Now, like any indicator, it is not always correct. When copper "stalls out" while the stock market keeps moving higher, this is a warning sign. A daily chart of copper ($COPPER - green area plot) versus the S&P 500 ($SPX - black linear plot) during 2007-2008 gives a recent example of copper's ability (or lack thereof) to warn stock speculators:



Along those lines, copper at this point has failed to make a new intermediate term high above its January peak, unlike the stock market. Of course, I don't know if copper is going to turn around next week and make new highs or not. I am not making a specific copper price prediction here, although I wouldn't go long copper here even if the money to speculate on this outcome was given to me for free.
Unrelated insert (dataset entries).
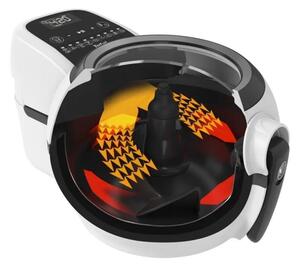 Tefal - Еър фрайър ACTIFRY GENIUS DUAL MOTION 1,2l 1350W/230V бял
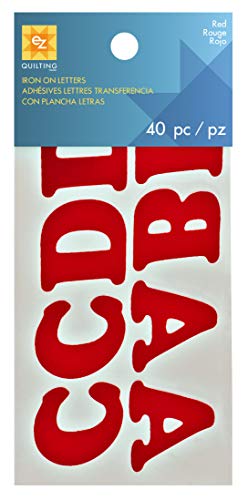 Iron-On Letters 1-1/4"-Red/ Sold as a pack of 6 von EZ Quilting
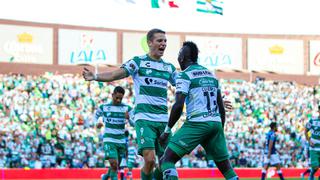 Santos Laguna goleó 4-1 a Puebla por el Torneo Apertura de Liga MX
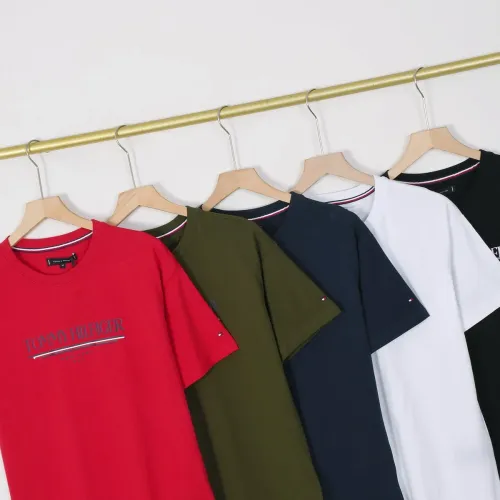 Replica Tommy Hilfiger TH T-Shirts Short Sleeved For Men #1419036 $29.00 USD for Wholesale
But I wanted to comment more specifically on the copper to Gold ratio (i.e. the copper price in U.S. Dollars divided by the Gold price in U.S. Dollars), which is a lesser known but interesting ratio chart to monitor. It is not predicting rosy times ahead for the stock market or economy on an intermediate-term basis.
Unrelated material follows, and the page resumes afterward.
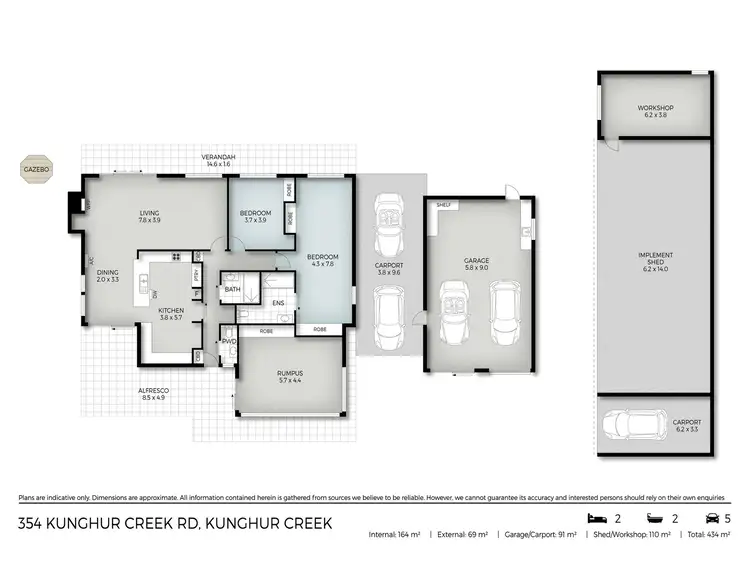 Floorplan of Homely rural property listing, 354 Kunghur Creek Road, Kunghur Creek NSW 2484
Here's the copper to Gold ratio (i.e. $COPPER:$GOLD - green area plot) on a weekly chart over the past 5 years versus the S&P500 (i.e. $SPX - black linear plot) with my thoughts:



And here's some recent chart action of the copper to Gold ratio, using the ETF proxies of GLD for Gold and JJC for copper (i.e. JJC:GLD) so that I can show part of today's action:



Because this is a ratio chart, it doesn't require the copper price to decline for the ratio to decline. It simply means Gold is likely to outperform copper, and this is not a sign of a healthy economy. Since I think the U.S. Dollar is in a topping pattern, copper could actually go higher or at least tread water while Gold explodes higher. This would be a sign of "unhealthy" inflation (i.e. not the "healthy" kind that makes many of the herd feel richer).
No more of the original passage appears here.